The District Judge, citing the Florida Supreme Court decision in Craig v. Craig, 157 Fla. 710, 26 So.2d 881 (1946), held that Florida law permitted retroactive .modification of past due payments under a decree, for separate maintenance, though he held that accrued installments of “alimony” are not subject to modification as to past due installments in Florida under the holding of the Florida Supreme Court in Andruss v. Andruss, 144 Fla. 641, 198 So. 213 (1940). The District Court considered the accrued installments in the instant case as “separate maintenance.” On the other hand, the later case of English v. English, Fla. App. 1960, 117 So.2d 559, by a Florida District Court of Appeal, specifically held that past due alimony payments were vested rights not subject to modification by Florida courts even where the financial position of the husband had significantly changed. The Florida appellate court in English used the terms “alimony” and “separate maintenance” interchangeably though it is clear from reading the court’s opinion that the installments were due under a final decree which the court said awarded the wife “separate maintenance.” We find it unnecessary to pass on this somewhat unclear question of Florida law because all issues in respect to past due payments have been rendered moot by virtue of the later suit filed in the Federal District Court in which that court enforced a Florida state court judgment as to accrued arrearages.

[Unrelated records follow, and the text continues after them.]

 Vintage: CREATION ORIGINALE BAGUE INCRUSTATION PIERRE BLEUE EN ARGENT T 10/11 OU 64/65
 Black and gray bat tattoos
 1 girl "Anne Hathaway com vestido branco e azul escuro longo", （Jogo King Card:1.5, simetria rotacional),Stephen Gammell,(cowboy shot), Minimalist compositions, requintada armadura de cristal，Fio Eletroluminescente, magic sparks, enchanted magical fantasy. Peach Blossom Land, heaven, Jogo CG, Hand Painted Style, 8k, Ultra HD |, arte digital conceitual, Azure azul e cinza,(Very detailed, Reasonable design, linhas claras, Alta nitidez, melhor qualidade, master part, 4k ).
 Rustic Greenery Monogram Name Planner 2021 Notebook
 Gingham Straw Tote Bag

In the newly filed suit in the Federal District Court, the appellant was awarded a judgment for the full amount of the alimony payments then in arrearage. A reversal of the earlier Federal District Court decision (on review here) which denied enforcement could achieve no more, for appellant has already obtained the relief she is seeking on this review. As Mr. Chief Justice Vinson stated in Amalgamated Ass’n, etc. v. Wisconsin Employment Relations Board, 340 U.S. 416, 418, 71 S.Ct. 373, 375, 95 L.Ed. 389 (1951), “ ‘A federal court is without power to decide moot questions or to give advisory opinions which cannot affect the rights of the litigants in the case before it. * * * ’ St. Pierre v. United States, 1943, 319 U.S. 41, 42, 63 S.Ct. 910, 911 [87 L.Ed. 1199].”

Affirmed. 
      
      . Sometimes referred to by the parties and especially by the District Judge as “separate maintenance,” apparently because the wife’s Florida state court complaint was filed under the provisions of Florida Statutes, Sec. 65.09, F.S.A., which authorizes an award of “alimony” without seeking a divorce upon the complaint filed.
     
      
      . Mrs. Maner had already secured a judgment for $3,984 on June 16, 1967 — when the original order was modified and monthly alimony increased — for past due amounts to that date. The Federal District Judge also considered that the original suit should be dismissed without prejudice since only $5,984 of the wife’s claims had been reduced to a final judgment, and the jurisdictional amount was therefore lacking. See judgment dated May 1, 1968 in Docket No. 26267 of this Court, entitled Maner v. Maner.